In conclusion EVT showed a comparable outcome in HRQOL in the long-term follow up compared to patients without leakages. One factor that predominantly had an influence on HRQOL after EVT was an anastomotic stricture. In future studies the question whether an advanced tumor-stage before surgery is associated with a higher risk of anastomotic leakages or anastomotic strictures after EVT should be investigated. A multicenter study with a greater number of patients is needed to confirm the study’s results and compare these results to other leakage treatment options.

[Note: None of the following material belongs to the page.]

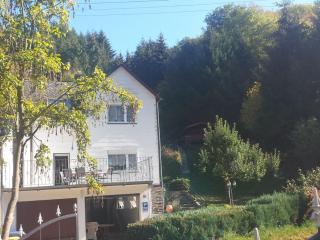romantic side valley of Rhenish Slate Mountains - Sauerthal - 3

Conflicts of Interest: The authors N Heits, C Schafmayer, J Hampe, B Schniewind and JH Egberts received financial support by B. Braun (Melsungen, Germany) for talks referred to Eso-Sponge® system therapy and visits of esophagus disease related conferences. The other authors have no conflicts of interest to declare.
Ethical Statement: The study was conducted ethically in accordance with the World Medical Association Declaration of Helsinki. Informed consent was obtained from all patients and the study was approved by the local ethics committee (AZ: D421/13). A professional psycho-oncological support was offered for all patients.